You know you’re supposed to exercise most days of the week in some form or fashion, but one of the more confusing aspects of working out is what about rest days? How many rest days should you take and what does ‘resting’ mean? No, it’s not couching it all day…sorry.
What Is a Rest Day?
The first thing you should know about rest days is that they are really, really important. Yes, the workouts are where you burn the calories and lift the weights and do all the work you need to change your body. But the rest days? That’s where the behind-the-scenes work happens.
In fact, the rest days, those days when you recover from you workouts, are when your body makes the most progress. Exercise is kind of like stress to your body, but in a good way.
You need to put that stress on your body if you want to lose weight and get fit. But, your body needs time to adapt to that stress and that’s where your rest days come in. This is the time your body rebuilds muscles, bones, nerves and connective tissue.
It’s also a great mental break as well, especially if you tend to work out every single day.

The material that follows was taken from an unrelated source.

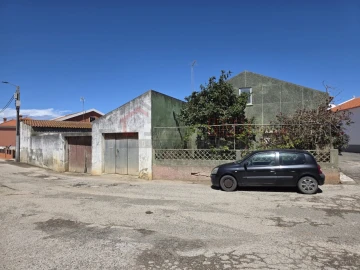 Moradia T2 para Venda em Atouguia da Baleia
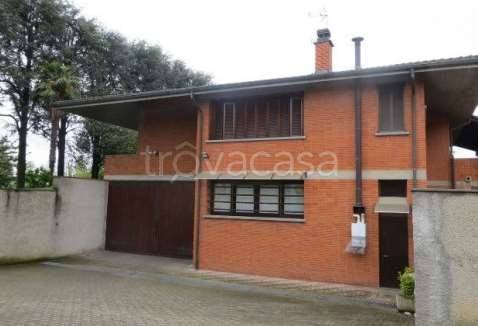 casa indipendente in vendita ad Ozzero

Okay, you now have permission to take rest days, but what exactly do you do?
Rest vs. Active Rest
Believe it or not, there are different ways to rest and you’ll choose one or the other based on how you feel and the workouts you’ve done.
An exercise rest day doesn’t necessarily mean lying motionless for hours while watching Netflix (although there is a time and place for binge-watching, in my opinion). It just means that you’re not doing any structured exercise, but you’re still moving around. Moving around increases circulation which helps your body recover and grow stronger and fitter.
Moving around increases circulation which helps your body recover and grow stronger and fitter.
On a rest day you might do small things throughout the day just to stay moving, like:
- Take the stairs
- Set an alarm to stand up every hour
- Take a few leisurely walks
- Walk your dog or play with him/her in the yard
- Do some grocery shopping
When to Take a Rest Day
So, how do you know if you need a rest day? That’s pretty easy – If you really feel like you need it. I would recommend a rest day if:
- You’re really sore – Some stiffness and soreness is normal, but if you can barely move, you may need several days off
- You’re exhausted – Sometimes rest is better than exercise when you’re really tired
- You’re not feeling great – A rest day is what you need if you don’t feel good or maybe you’re coming down with a cold
- You just need a break – Sometimes your mind needs a break more than your body, which is fine as long as you don’t take too many days off
Now, active rest is a little different. As the name suggests, it’s not as leisurely as a rest day, but nor is it as intense as a workout day.
Here are some ideas for what to do on an active rest day:
- Take several brisk walks throughout the day
- Do some stretching or yoga
- Do some light cardio
- Do something physical – Cut the grass, rake leaves, wash the car, wash my car, etc.
What You Need an Active Rest
An active rest day is a great option if your body (or mind) needs a break, but you still have enough energy to do something more than just puttering around. The more you can move around, the better.
How Much is Too Much
Of course, there’s a small window there that, if you take too many days off, it’s like you’re starting all over. If you’re very sore, try active rest days until you’re not sore anymore. Beyond that, here’s what happens when you take a
- In 3 weeks, you lose about 5-10% of your aerobic power – it takes about 2 months to completely lose all gains, so you’ve got some wiggle room
- Muscular strength and endurance lasts longer than aerobic fitness. Muscles retain a memory of exercises for weeks or even months, but if you take more than a week off, you’ll probably experience some soreness when you get back to your workouts
The bottom line? There’s no right answer to how much rest you need since we’re all different. You may need to experiment but the best thing you can do is pay attention to your body and what it’s telling you.